And as Eberstadt says, the problem is, non-workers don’t do civil society. They don’t volunteer or go to church. They generally stay home and watch television. 2,000 hours/year.
“In 2019, childless women without jobs said they spent seven hours a day in ‘leisure,’ a category dominated by entertainment.”
As interviewer Mene Ukueberuwa writes, “Eberstadt proposes no sweeping fix for the wave of worklessness. But he notes that widespread contempt for many ordinary jobs may be making the problem worse.
‘It’s astonishingly condescending to say that some work is meaningless … and it shows an astonishing ignorance of how other people live.’ It’s wonderful that millions of people are finding better work. But there are millions more who could fill the jobs they’re vacating, and disdain for low-skill work helps keep those people away.

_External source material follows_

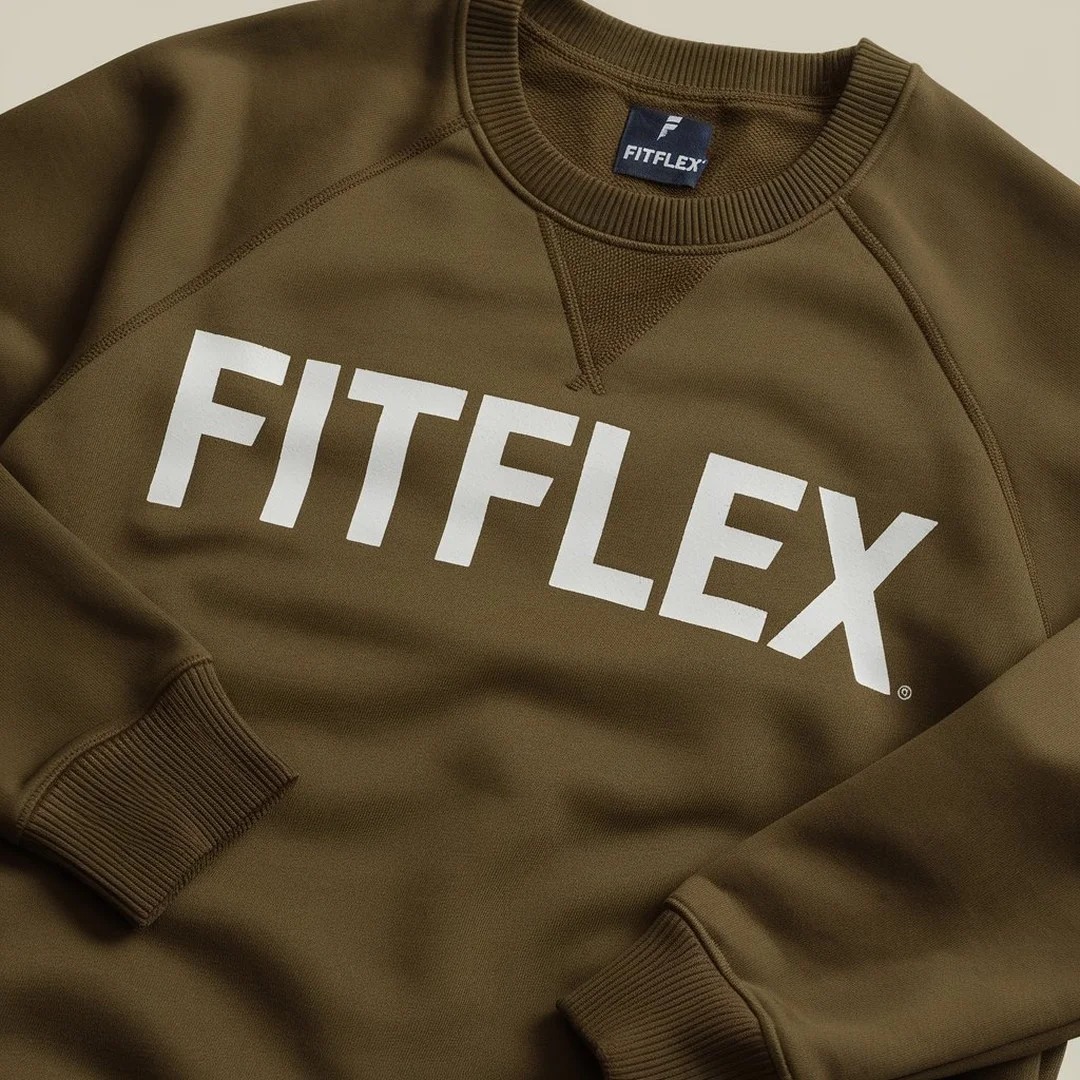 Sweat Shirt Article # 01 - Image 2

Instead of stigmatizing low-skill jobs, we would do better to stigmatize idleness, especially among men. Not long ago, Mr. Eberstadt says ‘The idea that one in eight men should be neither working nor looking for work would have been an absolutely horrifying prospect.’
Re-embracing that perspective could do a lot of good for the economy, as well as for idle Americans.”
What has remained true at The Sheet for 19 years: The delivery driver is the highest-paid person in the company. Writers are hard to find. Business managers harder. But no delivery driver = no product = no billing = no revenue.
Real work is honest. Maybe that’s why fewer and fewer people want to do it.